I’ve been a bit lost recently, and I know that has affected our friendship a bit. because I’m supposed to give you the cues. draw out the boundaries within which you’re supposed to perform, right? as long as I give you the stage, you know you can do wonders with it. but why am I not giving you that anymore? I see you analyzing me when we hang out. wondering what it is you’re supposed to do. I’ve murked up your role, and you don’t know what to act out. and you’re thinking, maybe I’ve gotten tired of you?

sorry. I know you’ve said you used to have a friend that struggled with depression, and I remember you saying how you think it’s the most selfish thing in the world. maybe so. I don’t know if what I have is depression, dude. still figuring that out. but honestly, even now do I need to paint out your role for you so specifically? do I need to remind of things that you should know? and this is why I call you “stupid”. do you know how many times you’ve asked me whether I think we’ll be friends for longterm? how long I think our friendship will last? whether or not things will draw us apart? I’ve answered this question so many times I don’t even know if you’re listening to me anymore. I’ve started ignoring you, or even saying “maybe it won’t last” to see what that answer will get out of you. I’m going to set things clear right now and never ask me this question again, okay? I hate having to define our friendship every second. be secure. you’ve got this obsession with needing to hear what I think of you.

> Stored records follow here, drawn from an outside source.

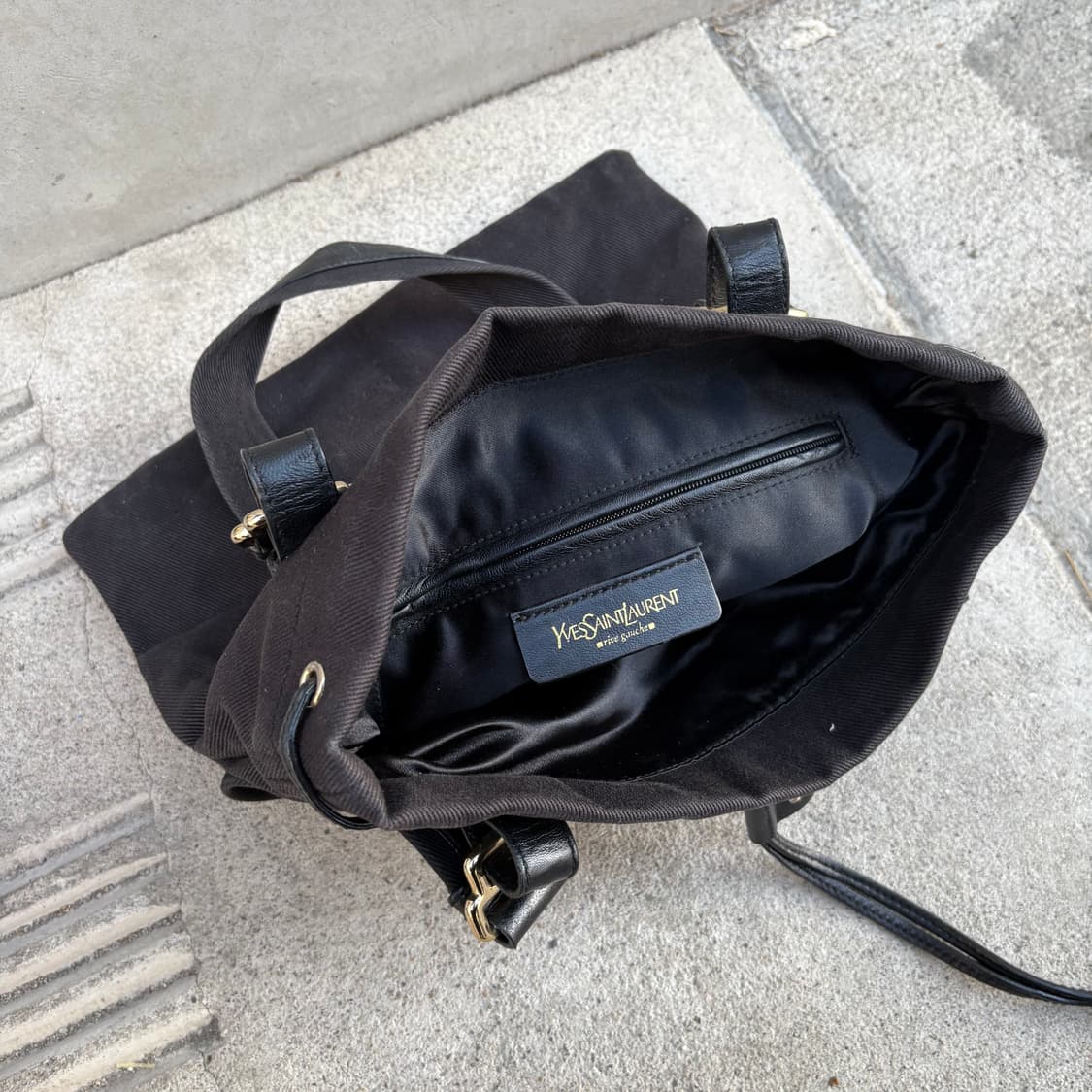 입생로랑 KAHALA 캔버스 토트백 상품이미지7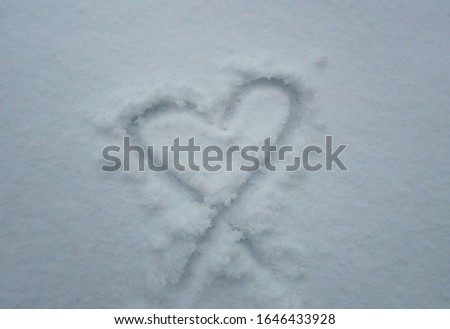 Draw Heart on the snow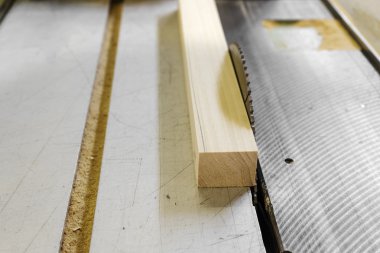 Daire testere tahta parçası ile marangoz disk için yakın çekim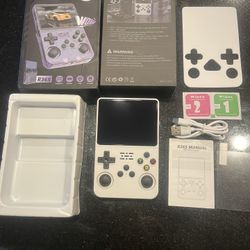 R36S Game Console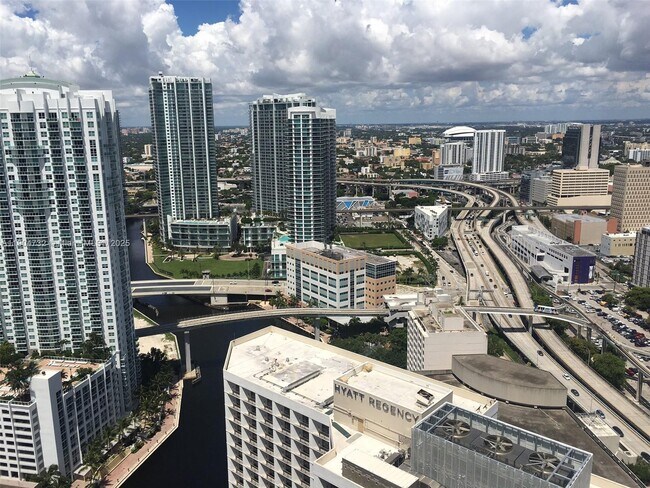 property at 200 Biscayne Blvd Way
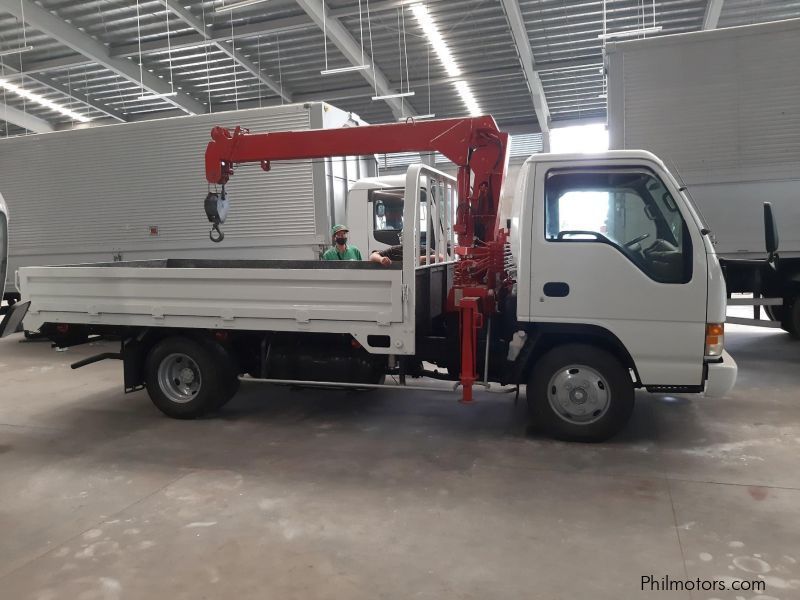 Isuzu ELF GIGA BOOM TRUCK in Philippines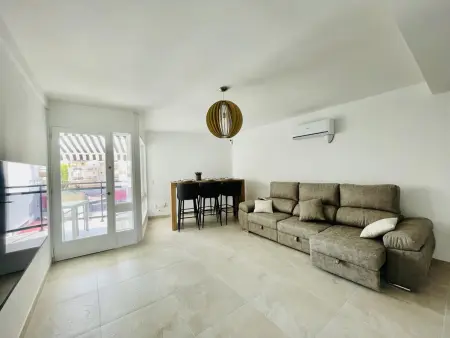 Appartement rénové à Salou, 3 chambres, proche plage, climatisation : photo 6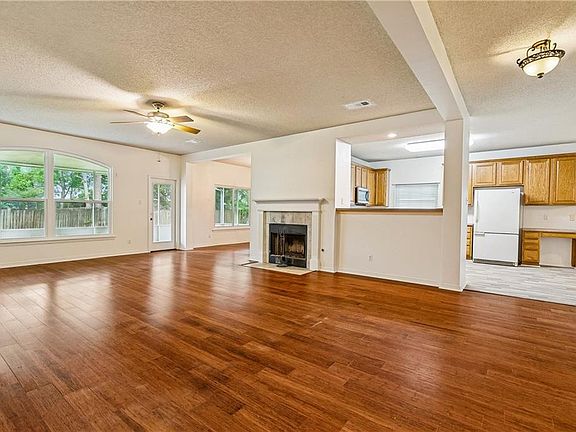 5th image of 209 Meadows Blvd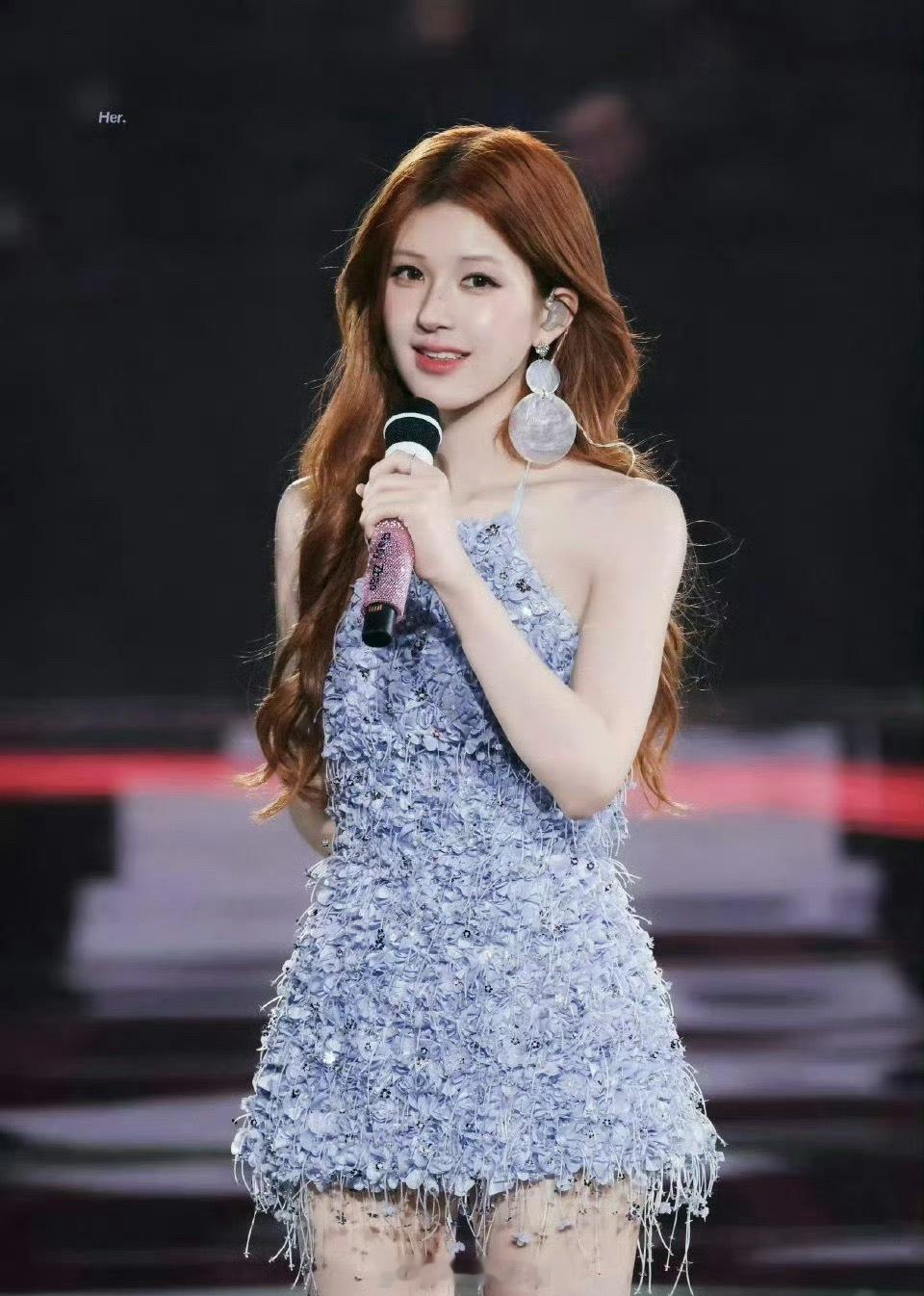 赵露思粉丝星光大赏转发排字，满满都是purple love 赵露思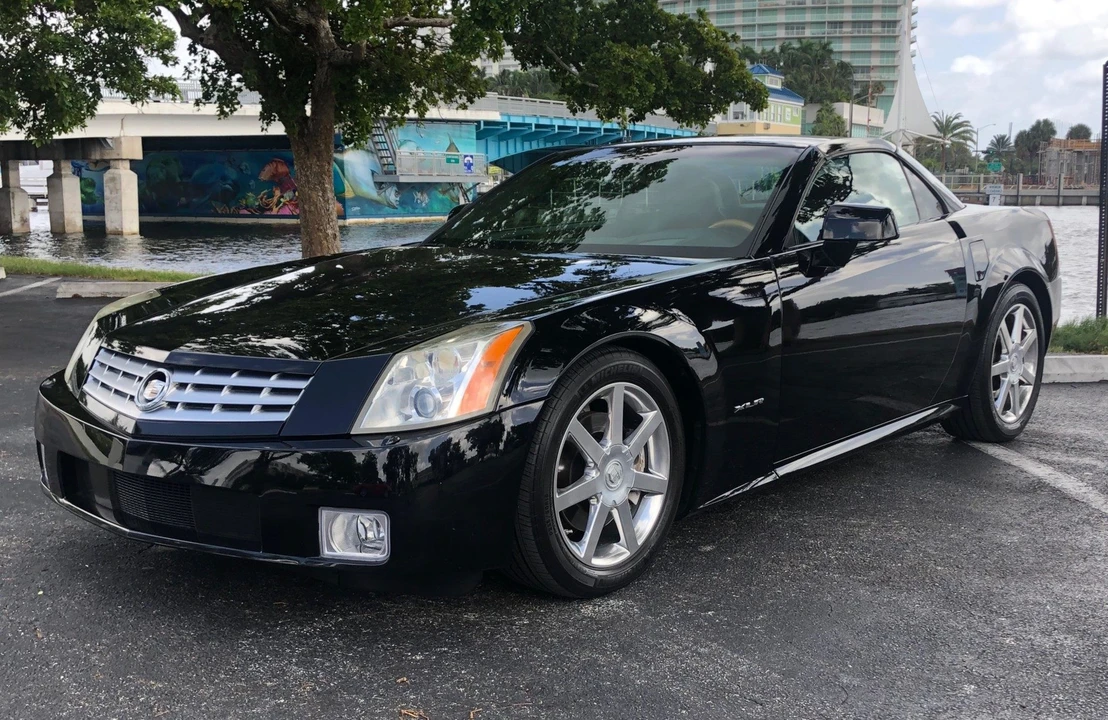 2005 Cadillac XLR - Image 5 of 31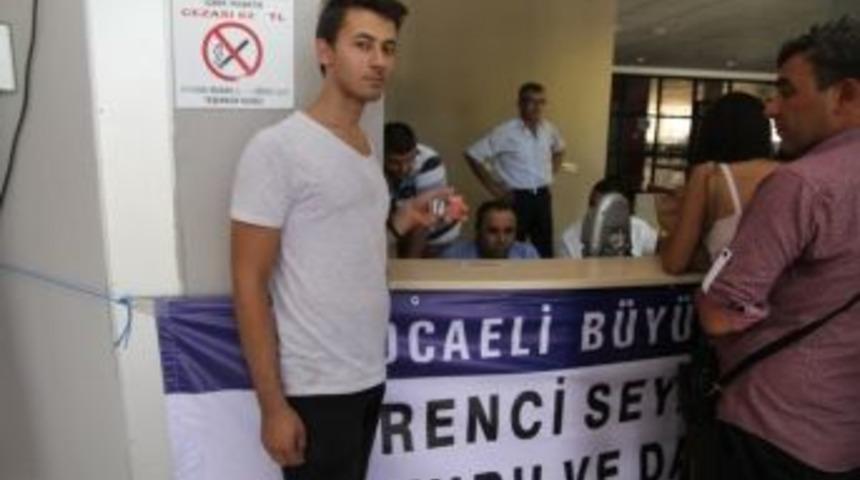 &Ouml;ğrenciler Kent Kartlarını Umuttepe&rsquo;de Alıyor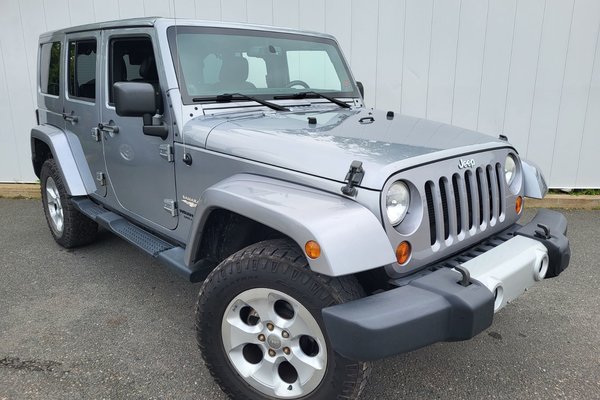 2013 Jeep Wrangler Unlimited Sahara | Leather | USB | Bluetooth | Keyless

you’re my best friend. I’m never going to get tired of you, okay? I don’t get that way with people. yes, I think we’ll be friends forever and ever (I’m cringing so hard right now, you don’t even know). even if you move to taiwan and I end up in canada, yes. we’ll be best friends, okay? I think you can say pretty annoying or stupid things sometimes, but I’ll never think  of you as a person as annoying or stupid, alright? so stop being so insecure and questioning our friendship every second, like a spastic golden retriever who can’t calm down. you’ve made it into isabella hu’s golden friend group. it’s not an easy accomplishment and you’re not gonna disappear from it, so relax.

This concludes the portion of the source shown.